Auf stolze 24.000 Euro beliefen sich zuletzt die jährlichen Betriebskosten für Heizung, Strom, Wasser in der Dreifaltigkeitskirche in Worms - und zwar, bevor Ukraine-Krieg und Wirtschaftssanktionen die Energiepreise förmlich explodieren ließen. Dabei hatten sich die evangelischen Wormser Innenstadtgemeinden aus Energiespargründen schon vor Jahren zu einer "winterlichen Gottesdienstgemeinschaft" zusammengeschlossen.
Weil ein Ende des Preisanstiegs nicht abzusehen ist, heißt es in der größten protestantischen Kirche der Lutherstadt während der kalten Jahreszeit künftig: Wollsocken überziehen. Man habe beschlossen, dass die Grundtemperatur durchgehend bei neun Grad bleiben solle, berichtet Gemeindepfarrer Volker Johannes Fey.

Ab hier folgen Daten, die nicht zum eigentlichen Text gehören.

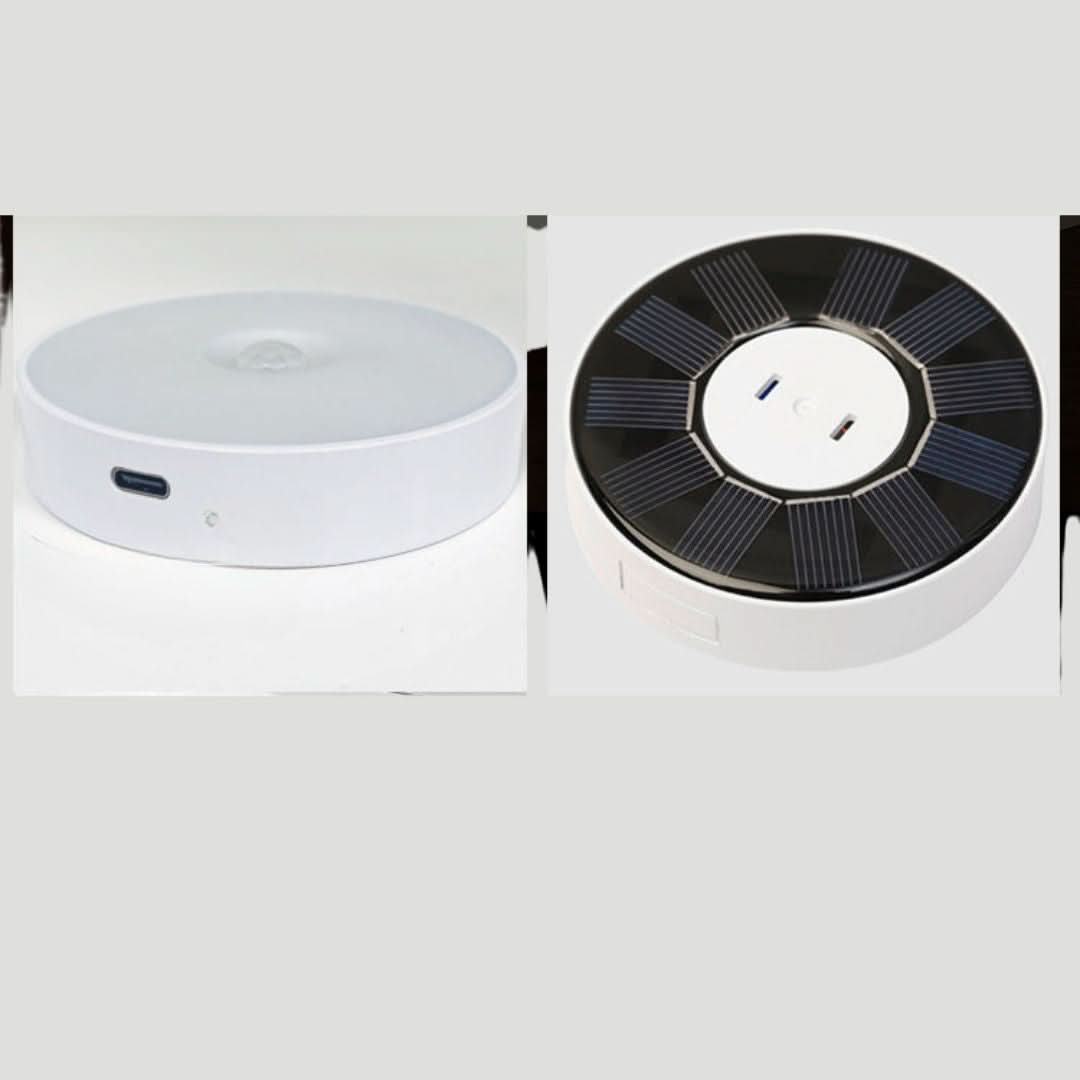 Wireless Motion Sensor LED Night Light with Automatic On/Off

Nicht nur normale Bürger und Unternehmen machen sich aktuell Gedanken darüber, wie sie angesichts der Situation auf den Energiemärkten noch durch die Wintermonate kommen. Für die Kirchen ist die Frage von besonderer Brisanz: In den oft hoch aufragenden Gebäuden steigt die Wärme nach oben.
Entsprechend lange dauert es vielerorts, bis Gottesdienstbesucher unten in den Sitzbänken überhaupt einen Effekt der Heizung spüren. Viele Sakralbauten werden, wenn überhaupt, nur einmal in der Woche genutzt. Der Wechsel zwischen regelmäßigem Hochfahren der Heizungsanlage und anschließendem Abkühlen bis zum nächsten Wochenende kann aber auf Dauer die Orgeln schädigen.
Sparen auf die Schnelle
In der Evangelischen Kirche in Hessen und Nassau (EKHN) entfallen drei Viertel der verbrauchten Heizenergie auf Gas, was sich in der aktuellen Krise als besonders problematisch herausstellt. Auch, wenn es für den Austausch von Heizungsanlagen bis zum kommenden Winter schon zu spät ist, könnten einige Sparmaßnahmen noch immer getroffen werden, wirbt Kathrin Saudhof, Klimaschutzreferentin am Zentrum Gesellschaftliche Verantwortung der EKHN in Mainz. Gemeinden sollten jetzt die Nachtabsenkung ihrer Heizungsanlagen in den Gemeindehäusern richtig einstellen und hydraulische Abgleiche vornehmen lassen: "Das ist etwas, was man noch im Sommer regeln könnte."
Kirchen befassen sich mit dem Thema Energiesparen nicht erst im Zusammenhang mit dem befürchteten russischen Gas-Lieferstopp. Die EKHN beispielsweise verabschiedete "Richtlinien für die Beheizung von Kirchen" bereits 1979. Sonntags und bei Gottesdiensten sei die Raumlufttemperatur auf 15 Grad zu begrenzen, heißt es in dem noch heute gültigen Regelwerk. "Diese Temperatur darf keinesfalls überschritten werden." In der Praxis, erzählt eine Pfarrerin, hätten sich in der Vergangenheit viele ihrer Kollegen und deren Gemeinden daran aber nicht gehalten - aus Angst, ihre Gottesdienstbesucher mit Eiseskälte zu vergraulen.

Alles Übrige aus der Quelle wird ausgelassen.